08. Medium to Long Duration Fund: An
open-ended medium-term debt scheme investing in debt and money market
instruments with Macaulay duration of the portfolio between 4 years and 7
years. Portfolio Macaulay duration under anticipated adverse situation is 1
year to 7 years.
09. Long Duration Fund: An open-ended debt
scheme investing in debt and money market instruments with Macaulay duration of
the portfolio greater than 7 years.
10. Dynamic Bond: An open-ended dynamic debt
scheme investing across duration.
11. Corporate Bond Fund: An open-ended debt
scheme predominantly investing in AA+ and above rated corporate bonds. The
minimum investment in corporate bonds shall be 80 % of total assets (only in
AA+ and above rated corporate bonds).
12. Credit Risk Fund: An open-ended debt
scheme investing in below highest rated corporate bonds. The minimum investment
in corporate bonds shall be 65 % of total assets (only in AA (excludes AA+
rated corporate bonds) and below rated corporate bonds).
13. Banking and PSU Fund: An open-ended debt
scheme predominantly investing in debt instruments of banks, Public Sector
Undertakings, Public Financial Institutions and Municipal Bonds. The minimum
investment in such instruments should be 80 % of total assets.
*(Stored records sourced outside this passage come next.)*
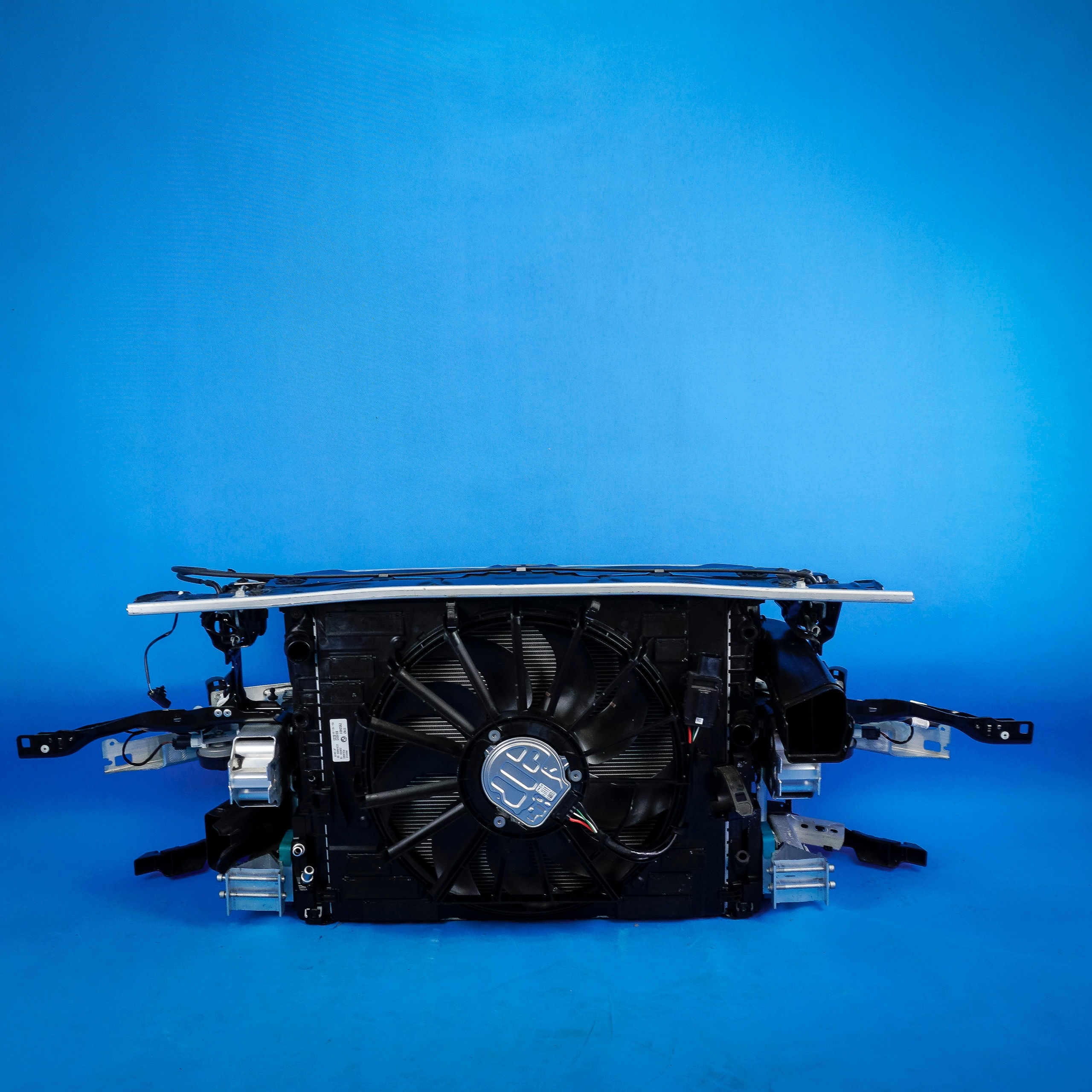 support panel for radiators radiator fans komplet BMW 3 G30 G31 530ix 252KM 25km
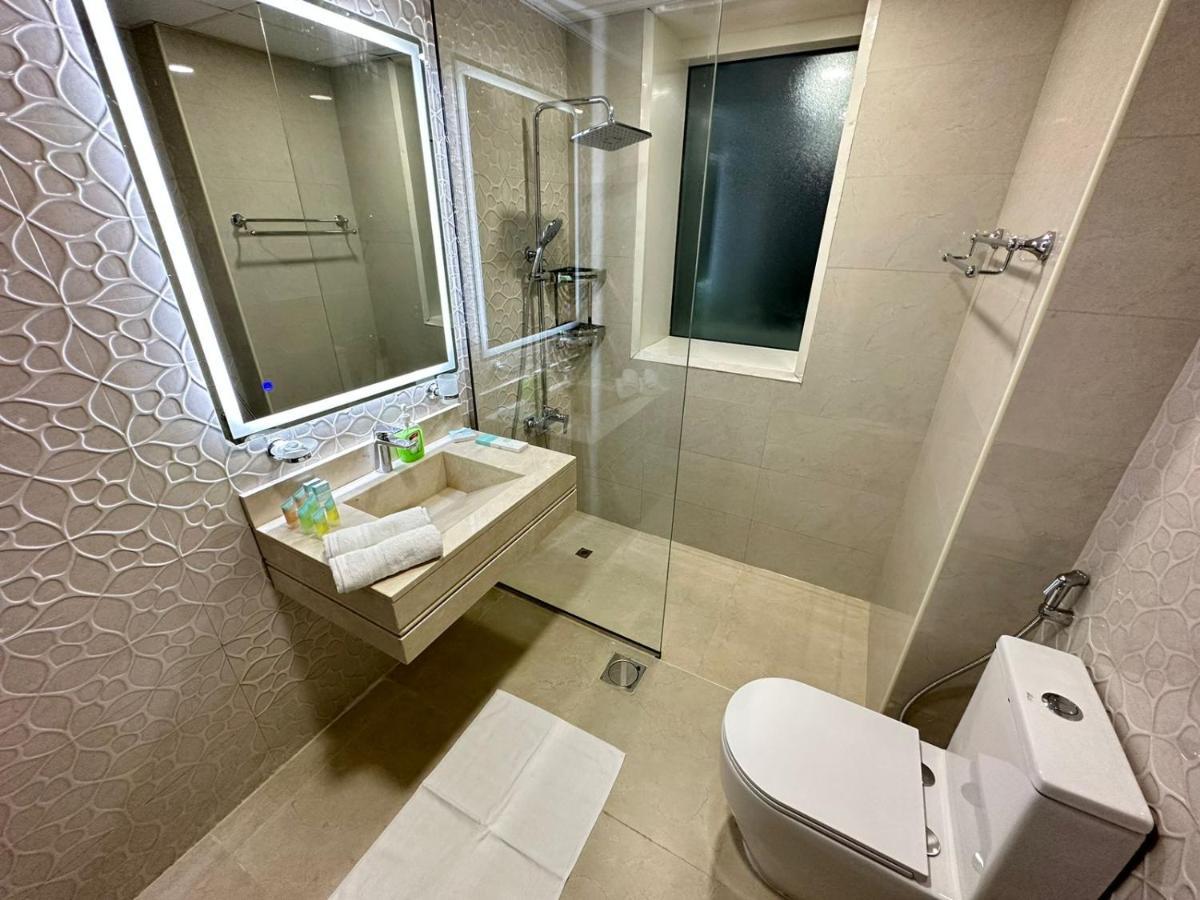 Ultimatestay - Luxurious 4br In Jumeirah Towers Close To Jbr Dubai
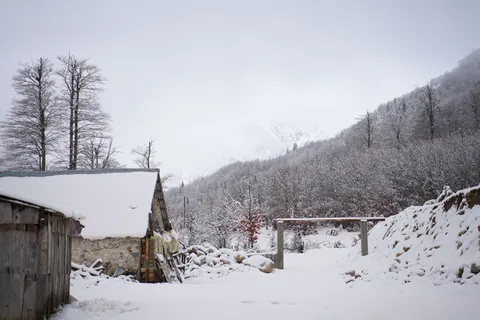 Winter Cabin 4K Wallpaper · winter · 3840×2560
14. Gilt Fund: An open-ended debt scheme
investing in government securities across maturity. The minimum investment in
G-secs is defined to be 80 % of total assets (across maturity).
15. Gilt Fund with 10-year constant duration:
An open-ended debt scheme investing in government securities having a constant
maturity of 10 years. Minimum investment in G-secs is 80 % of total assets such
that the Macaulay duration of the portfolio is equal to 10 years.
16. Floater Fund: An open-ended debt scheme
predominantly investing in floating rate instruments (including fixed rate
instruments converted to floating rate exposures using swaps/derivatives).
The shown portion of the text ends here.